— WORK REQUEST —
Begin at the line containing "Duomo26 Boutique Apartment" in the entries below and end at the line containing "A 15ct Yellow"; transcribe that range exactly and nothing outside it.

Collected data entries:
* * *

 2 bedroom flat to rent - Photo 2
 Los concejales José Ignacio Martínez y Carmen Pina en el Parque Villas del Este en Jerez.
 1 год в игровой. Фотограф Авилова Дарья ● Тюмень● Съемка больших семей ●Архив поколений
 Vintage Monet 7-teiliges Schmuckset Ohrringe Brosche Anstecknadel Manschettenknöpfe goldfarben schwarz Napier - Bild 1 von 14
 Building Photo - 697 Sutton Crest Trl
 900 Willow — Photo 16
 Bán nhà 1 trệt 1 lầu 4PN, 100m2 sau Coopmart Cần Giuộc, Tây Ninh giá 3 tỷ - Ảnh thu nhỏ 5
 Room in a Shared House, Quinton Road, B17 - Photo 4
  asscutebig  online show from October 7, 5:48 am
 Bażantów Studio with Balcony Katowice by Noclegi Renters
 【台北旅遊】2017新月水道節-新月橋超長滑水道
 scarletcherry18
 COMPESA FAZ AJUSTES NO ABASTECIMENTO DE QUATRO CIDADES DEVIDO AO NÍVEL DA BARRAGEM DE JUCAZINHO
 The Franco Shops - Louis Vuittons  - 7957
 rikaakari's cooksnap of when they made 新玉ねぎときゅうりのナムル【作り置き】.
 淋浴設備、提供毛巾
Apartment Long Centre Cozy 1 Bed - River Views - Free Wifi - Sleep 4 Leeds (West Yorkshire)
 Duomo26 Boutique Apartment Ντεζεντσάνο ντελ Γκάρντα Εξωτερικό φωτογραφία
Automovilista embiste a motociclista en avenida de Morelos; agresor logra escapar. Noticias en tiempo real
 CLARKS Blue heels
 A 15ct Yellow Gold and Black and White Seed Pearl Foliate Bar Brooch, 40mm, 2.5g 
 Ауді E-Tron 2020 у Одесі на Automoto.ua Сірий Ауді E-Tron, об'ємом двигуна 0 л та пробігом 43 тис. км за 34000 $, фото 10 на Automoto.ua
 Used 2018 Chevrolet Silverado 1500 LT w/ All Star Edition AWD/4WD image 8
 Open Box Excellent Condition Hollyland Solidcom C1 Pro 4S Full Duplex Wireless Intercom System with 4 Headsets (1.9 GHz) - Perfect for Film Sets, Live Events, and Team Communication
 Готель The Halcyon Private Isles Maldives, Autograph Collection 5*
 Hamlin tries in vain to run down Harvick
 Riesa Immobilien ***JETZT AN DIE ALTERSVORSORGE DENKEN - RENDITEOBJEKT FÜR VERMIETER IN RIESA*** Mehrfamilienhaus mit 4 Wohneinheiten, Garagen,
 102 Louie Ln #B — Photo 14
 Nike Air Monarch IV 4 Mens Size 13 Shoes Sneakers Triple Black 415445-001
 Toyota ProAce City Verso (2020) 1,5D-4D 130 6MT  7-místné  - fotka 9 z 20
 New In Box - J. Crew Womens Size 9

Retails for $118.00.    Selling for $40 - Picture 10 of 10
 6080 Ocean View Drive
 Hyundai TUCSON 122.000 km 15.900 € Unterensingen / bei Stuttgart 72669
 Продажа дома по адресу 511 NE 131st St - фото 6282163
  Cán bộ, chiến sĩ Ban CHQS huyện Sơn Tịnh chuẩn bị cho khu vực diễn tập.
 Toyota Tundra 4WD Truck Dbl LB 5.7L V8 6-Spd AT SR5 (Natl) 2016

* * *

— TASK ANSWER —
 Duomo26 Boutique Apartment Ντεζεντσάνο ντελ Γκάρντα Εξωτερικό φωτογραφία
Automovilista embiste a motociclista en avenida de Morelos; agresor logra escapar. Noticias en tiempo real
 CLARKS Blue heels
 A 15ct Yellow Gold and Black and White Seed Pearl Foliate Bar Brooch, 40mm, 2.5g 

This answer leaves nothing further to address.